V-Dem (Varieties of Democracy) claims to produce the largest dataset on democracy with almost 30 million data points for 202 countries from 1789 to 2020.
This report comes within a week of US watchdog Freedom House downgrading India’s status to “partly free” in its ‘Freedom in the World’ report.
While India’s score was at an all-time high at 0.57 (on a scale of 0-1) in 2013, it had declined to 0.34 by the end of 2020 — a loss of 23 percentage points in seven years. “Most of the decline occurred following BJP’s victory in 2014 and their Hindu nationalist agenda,” says the report.
“India is, in this aspect (censorship) now as autocratic as is Pakistan, and worse than both its neighbors Bangladesh and Nepal. In general, the Modi-led government in India has used laws on sedition, defamation, and counterterrorism to silence critics.
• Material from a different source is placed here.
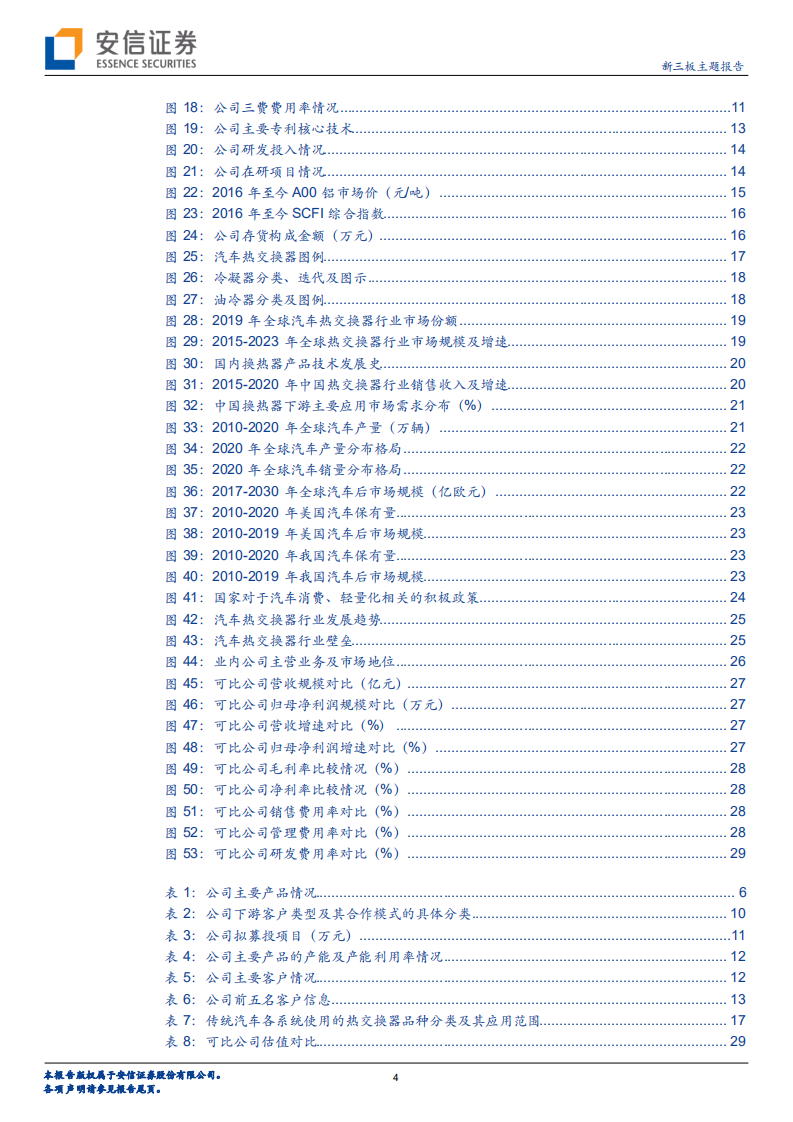邦德股份-全球汽车后市场冷凝器制造知名企业，技术与客户沉淀助力发展-20220416.pdf 第4页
For example, over 7,000 people have been charged with sedition after the BJP assumed power and most of the accused are critics of the ruling party,” says the report.
It adds that the use of defamation “frequently used to silence journalists” and the use of the Unlawful Activities Prevention Act (UAPA) have placed constraints on civil society and gone against the Constitution’s commitment to secularism.
“Amended in August 2019 (it) is being used to harass, intimidate, and imprison political opponents, as well as people mobilizing to protest government policies. The UAPA has been used also to silence dissent in academia. Universities and authorities have also punished students and activists in universities engaging in protests against the Citizenship Amendment Act (CAA).”
The report notes that civil society is being increasingly muzzled while organisations aligned with the “Hindutva movement” have gained freedom. “The BJP have increasingly used the Foreign Contributions Regulation Act (FCRA) to restrict the entry, exit and functioning of Civil Society Organisations (CSO),” it says.
Democracy on the decline
The fifth annual report by the organisation summarises the state of democracies of the world against the backdrop of developments that have taken place over the past decade.
The report finds that liberal democracies have diminished over the past decade from 41 countries to 32 countries.
“The global decline during the past 10 years is steep and continues in 2020, especially in the Asia-Pacific region, Central Asia, Eastern Europe, and Latin America. The level of democracy enjoyed by the average global citizen in 2020 is down to levels last found around 1990,” says the report.
It adds that what it calls “electoral autocracies” remain the most popular regime type, and along with closed autocracies, number 87 states, home to 68 per cent of the world’s population.
It also notes an accelerating wave of autocratisation engulfing 25 nations, home to one-third of the world’s population — that is 2.6 billion people. “Several G20 nations such as Brazil, India, Turkey, and the United States of America are part of this drift,” says the report.
It also notes that the number of democratising countries has dropped by almost half to 16, hosting a mere 4 per cent of the global population.